Help optimising the TerraMaris 2km simulations

Hi CMS,

I’ve got my 2km TerraMaris simulations set up and pretty much ready to run when Archer2 is fully available (suite u-cc339). However, I’m not sure whether my set up is optimal, particularly regarding I/O and the processor decomposition. I have a lot of stash output and the simulations are quite large, so I’d like to get the suite running as efficiently as possible before I start running.

I’m particularly interested to know whether I can and/or should use use I/O processors, and whether I can access profiler tools to judge how much time is being spent on I/O. This is a regional KPP-coupled suite but my queries here are limited to the atmosphere component.

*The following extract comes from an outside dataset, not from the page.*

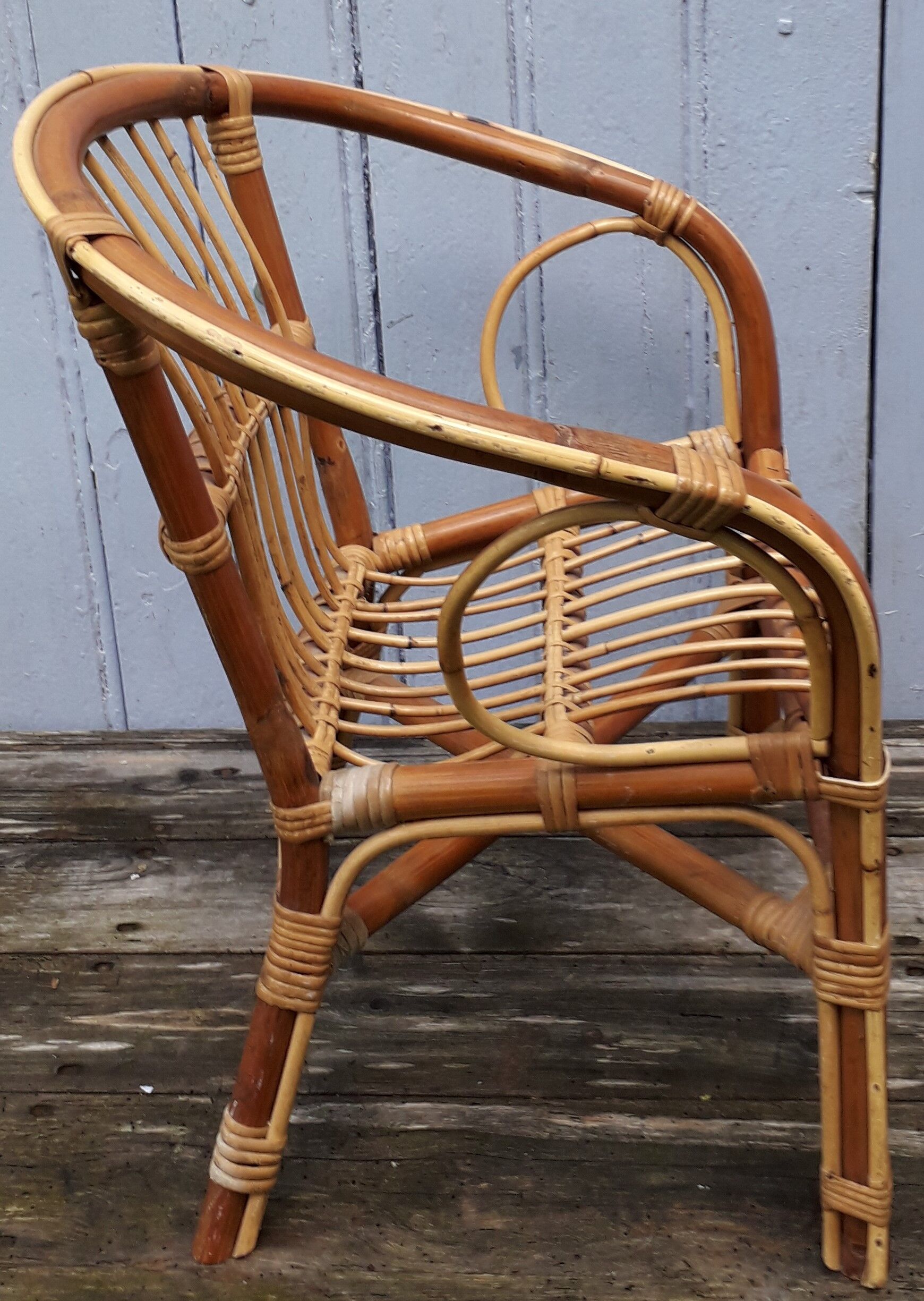 Child rattan armchair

Could someone from CMS please have a quick check over my suite and make sure it’s looking sensible?

Thanks and best wishes,
Emma

Hi Emma,

Decomposition and scaling

It looks like your atmosphere domain is 1500x3200 grid points, and you are running on 64 nodes (a 64x64 MPI decomp with 2 OpenMP threads). This is a similar size to the global model I have been running recently, so I think you could definitely speed up the execution time by running on more nodes, especially since LAMs generally scale better than global models.

The best thing to do would be to try it out, by just re-running the atmos part of the suite several times with different configurations. You could try 96 nodes, or even 128, but you will likely find that the queue time increases considerably as well, so you may find that for the 4-cab system it is more efficient to run on fewer nodes in terms of the overal workflow speed.

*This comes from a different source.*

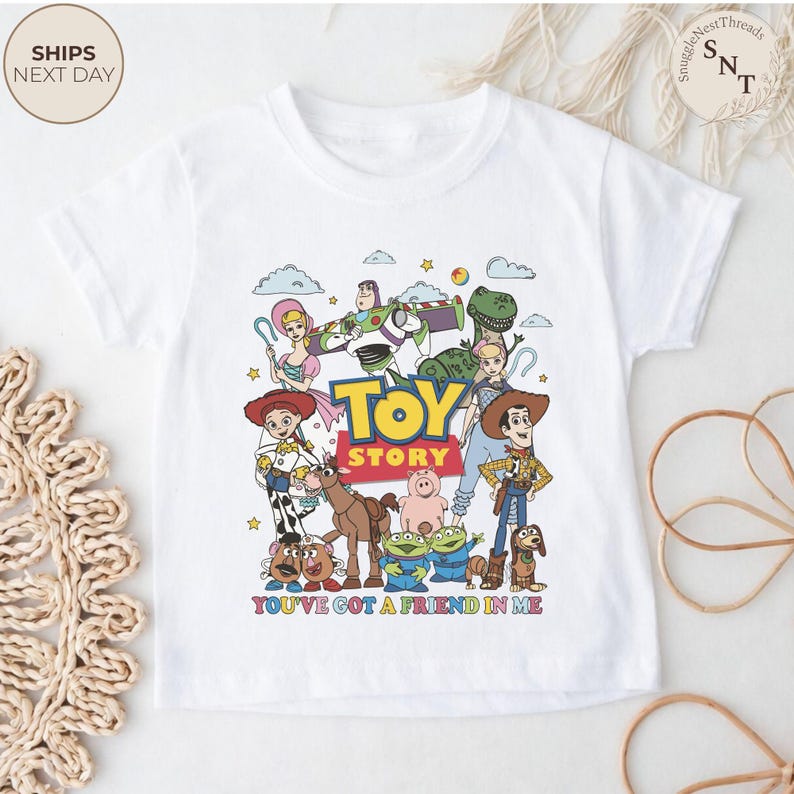 Kids Toy Story Shirt, You've Got a Friend in Me Shirt, Buzz Lightyear Woody Tee, Pixar Disney Apparel, Family Vacation Shirt bild 9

Usually we would also say that it’s more efficient to run in longer chunks (e.g. several days rather than 1 day), but it might not be possible to change that in your suite if you need to update bcs etc.

Profiling

To start with I would try using the switch print_runtime_info, as this is very low overhead and just prints out the time/timestep plus startup and shutdown costs. You can also try lstashdumptimer which should give you some profiling information on the time spent in I/O (I haven’t actually tried this myself but it looks useful). The full UM timers with ltimer can be quite expensive and not always useful if you are just interested in I/O.

I would try these first and see what information that gives you.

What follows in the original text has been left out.